Re: GFS2 and DLM

From: Ingo Molnar
Date: Tue Jun 27 2006 - 04:34:30 EST



* Christoph Hellwig <hch@xxxxxxxxxxxxx> wrote:

> ->follow_link needs exactly the same locking as ->readlink. The whole
> point of using generic_readlink is to avoid having the filesystem
> reimplement almost the same code twice, once copying to a kernel
> buffer and once to a user buffer.

yeah, you are right, i confused it with ->follow_link() and was wrong
about the locking: generic_readlink() is just a wrapper around
->follow_link() and vfs_readlink().

Still, as far as i can see the gfs2 implementation of readlink is faster
(and hence a valid solution), because it knows the length of the symlink
buffer and hence can avoid the strlen() call in vfs_readlink():

int vfs_readlink(struct dentry *dentry, char __user *buffer, int buflen, const char *link)
{
int len;

len = PTR_ERR(link);
if (IS_ERR(link))
goto out;

len = strlen(link); <============= [this one]

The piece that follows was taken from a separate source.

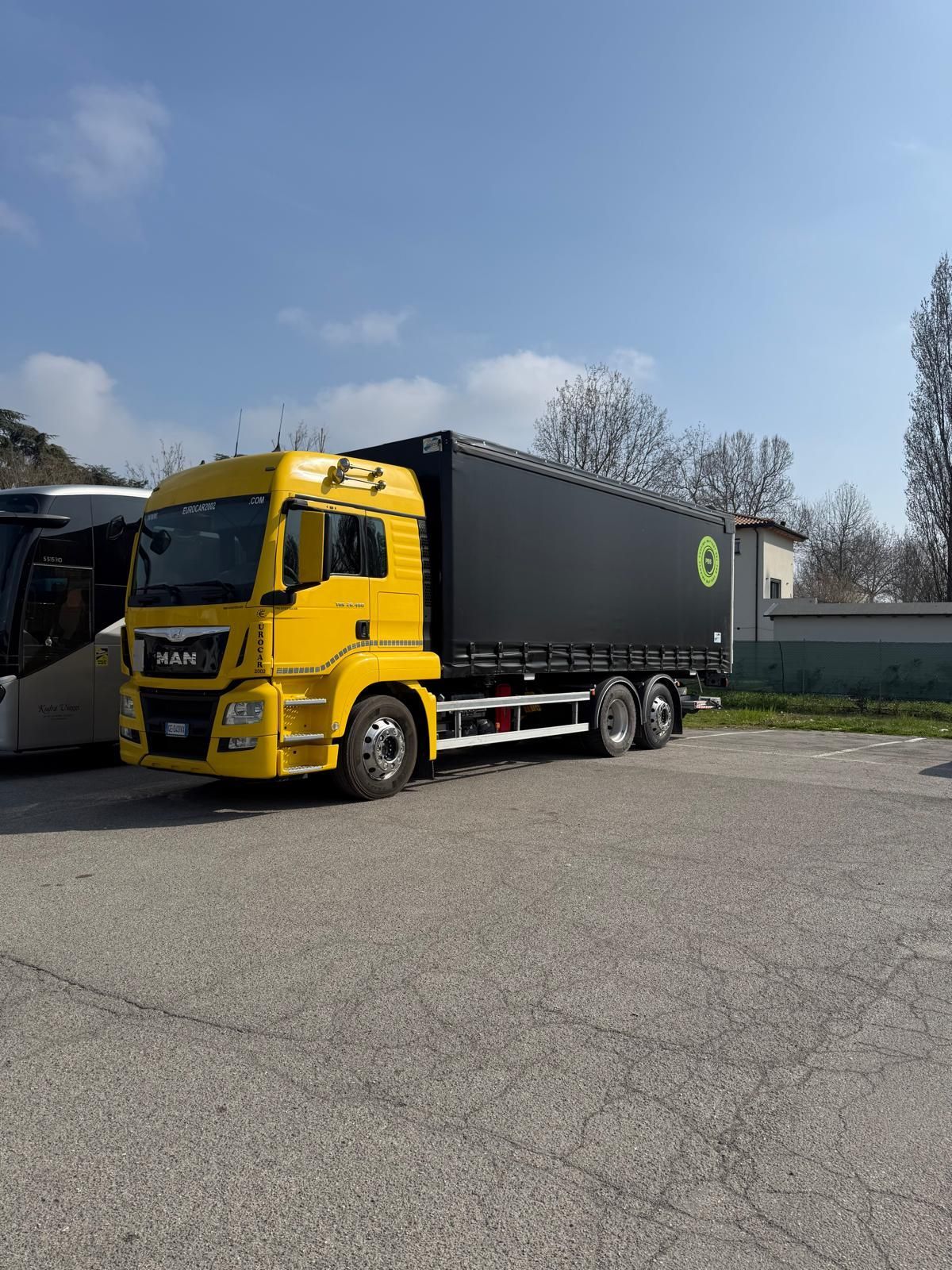 Un camion MAN giallo con rimorchio nero parcheggiato su un piazzale ghiaioso sotto un cielo azzurro e limpido.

while gfs2 can do a straight copy to userspace:

error = gfs2_readlinki(ip, &buf, &len);
if (error)
return error;

if (user_size > len - 1)
user_size = len - 1;

if (copy_to_user(user_buf, buf, user_size))
error = -EFAULT;
else
error = user_size;

btw., ocfs2 does not use generic_readlink() either.

> Please read the code before giving such useless comments.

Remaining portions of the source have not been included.